3. Il ressort par ailleurs des termes de la décision attaquée que la préfète du Rhône, qui n'y était pas tenue contrairement à ce que soutient Mme B, a bien examiné la possibilité de régulariser, à titre exceptionnel, le séjour de la requérante, ce qu'elle a refusé de faire.

4. Toutefois, il ressort des pièces du dossier que, du fait de ses pathologies mais également de son âge très avancé, M. B, dont l'état de santé se dégrade d'après les derniers avis médicaux spécialisés, contemporains de la décision attaquée, se trouve dans un état de grande fragilité et de dépendance.
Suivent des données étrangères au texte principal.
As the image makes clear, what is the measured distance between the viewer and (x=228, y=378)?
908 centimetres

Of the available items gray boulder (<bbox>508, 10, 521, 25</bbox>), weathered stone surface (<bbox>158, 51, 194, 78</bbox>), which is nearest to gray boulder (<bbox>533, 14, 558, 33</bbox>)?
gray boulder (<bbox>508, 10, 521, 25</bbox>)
Le couple est hébergé, depuis 2016, chez un de leur fils, titulaire d'une carte de résident valable jusqu'en 2025 et qui aide l'époux de Mme B pour les besoins de la vie courante et l'accompagne à tous ses rendez-vous médicaux. En outre, trois des enfants du couple résident régulièrement en France, sous le statut de réfugié pour deux d'entre eux, et y ont établi durablement leur famille. Un autre enfant du couple a obtenu une protection internationale en Norvège, et un cinquième enfant réside régulièrement en Lettonie. Dans ces circonstances particulières, et alors même que la dernière fille du couple vit toujours en Tchétchénie, le refus par la préfète de faire usage de son pouvoir de régularisation pour accorder un titre de séjour à titre exceptionnel à Mme B est entaché d'erreur manifeste d'appréciation.
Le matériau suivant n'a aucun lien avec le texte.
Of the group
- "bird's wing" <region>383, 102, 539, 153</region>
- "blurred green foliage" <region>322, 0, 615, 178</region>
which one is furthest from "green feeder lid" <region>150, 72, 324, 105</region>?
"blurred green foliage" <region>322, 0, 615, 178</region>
5. Il résulte de ce qui précède que Mme B est fondée à demander l'annulation de la décision du 13 février 2024 refusant de lui délivrer un titre de séjour, sans qu'il soit besoin de se prononcer sur les autres moyens soulevés par la requérante. Doivent également être annulées, par voie de conséquence, les décisions l'obligeant à quitter le territoire français dans le délai de trente jours et fixant un pays de renvoi, sans qu'il soit besoin de se prononcer sur les moyens soulevés à leur encontre.

Sur les conclusions à fin d'injonction sous astreinte :

6. Eu égard à ses motifs, le présent jugement implique nécessairement que la préfète du Rhône délivre à Mme B un titre de séjour. Il y a donc lieu de lui ordonner d'y procéder dans le délai de deux mois suivant la notification du présent jugement, sans qu'il soit besoin d'assortir le jugement d'une astreinte.

Sur les frais liés au litige :

7. Mme B ayant obtenu le bénéfice de l'aide juridictionnelle, son avocat peut se prévaloir des dispositions des articles L. 761-1 du code de justice administrative et 37 de la loi du 10 juillet 1991. Il y a donc lieu, dans les circonstances de l'espèce, de mettre à la charge de l'Etat, partie perdante, le versement à Me Paquet, d'une somme de 1 000 euros à ce titre, sous réserve que Me Paquet renonce à percevoir la somme correspondant à la part contributive de l'Etat à la mission d'aide juridictionnelle qui lui a été confiée.

D E C I D E :

Article 1er : Les décisions de la préfète du Rhône du 13 février 2024 sont annulées.

Article 2 : Il est enjoint à la préfète du Rhône de délivrer à Mme B un titre de séjour dans un délai de deux mois à compter de la notification du présent jugement.

Article 3 : L'Etat versera à Me Paquet une somme de 1 000 euros en application des dispositions du deuxième alinéa de l'article 37 de la loi du 10 juillet 1991, sous réserve que Me Paquet renonce à percevoir la somme correspondant à la part contributive de l'Etat à la mission d'aide juridictionnelle qui lui a été confiée.

Article 4 : Le surplus des conclusions de la requête est rejeté.

Article 5 : Le présent jugement sera notifié à Mme A B et à la préfète du Rhône.

Rendu public par mise à disposition au greffe le 23 mai 2024.

La magistrate désignée,

E. de Lacoste Lareymondie

La greffière,

S. Lecas

La République mande et ordonne à la préfète du Rhône en ce qui la concerne ou à tous commissaires de justice à ce requis en ce qui concerne les voies de droit commun contre les parties privées, de pourvoir à l'exécution de la présente décision.